_Entries supplied_.
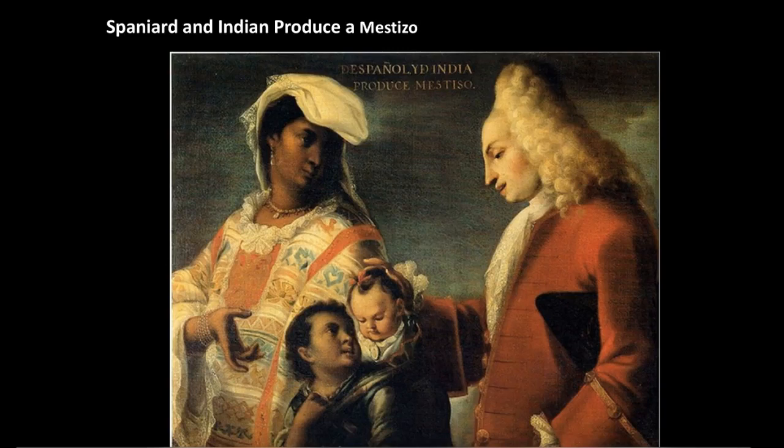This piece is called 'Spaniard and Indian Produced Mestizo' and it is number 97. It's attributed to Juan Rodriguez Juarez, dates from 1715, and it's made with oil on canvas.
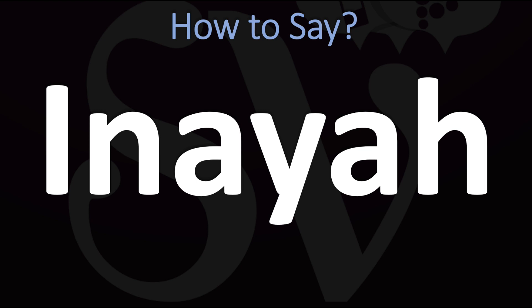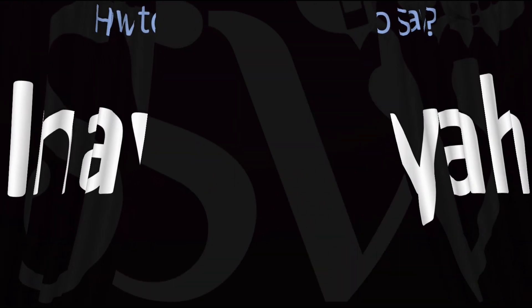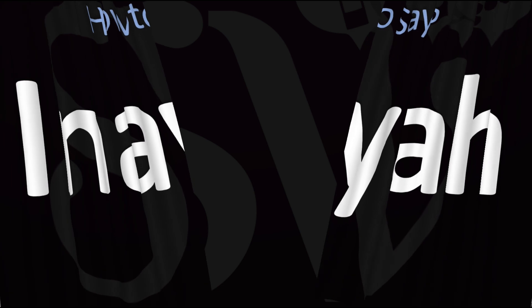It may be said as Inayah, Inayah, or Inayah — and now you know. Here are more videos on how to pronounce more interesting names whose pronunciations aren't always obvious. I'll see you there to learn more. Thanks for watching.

* * *

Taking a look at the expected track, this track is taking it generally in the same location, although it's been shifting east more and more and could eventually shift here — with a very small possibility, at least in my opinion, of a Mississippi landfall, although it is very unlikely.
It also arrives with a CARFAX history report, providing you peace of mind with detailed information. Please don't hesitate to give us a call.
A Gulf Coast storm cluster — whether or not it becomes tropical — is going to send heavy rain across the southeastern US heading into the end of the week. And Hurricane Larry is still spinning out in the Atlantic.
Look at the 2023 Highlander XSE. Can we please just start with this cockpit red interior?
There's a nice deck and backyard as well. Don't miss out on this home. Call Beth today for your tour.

_Prompt_.
Taking the lines above, repeat exactly those from the line that contains "It also arrives" through the line that contains "There's a nice", and both of those lines as well. Include nothing else.

_Response to this exercise_.
It also arrives with a CARFAX history report, providing you peace of mind with detailed information. Please don't hesitate to give us a call.
A Gulf Coast storm cluster — whether or not it becomes tropical — is going to send heavy rain across the southeastern US heading into the end of the week. And Hurricane Larry is still spinning out in the Atlantic.
Look at the 2023 Highlander XSE. Can we please just start with this cockpit red interior?
There's a nice deck and backyard as well. Don't miss out on this home. Call Beth today for your tour.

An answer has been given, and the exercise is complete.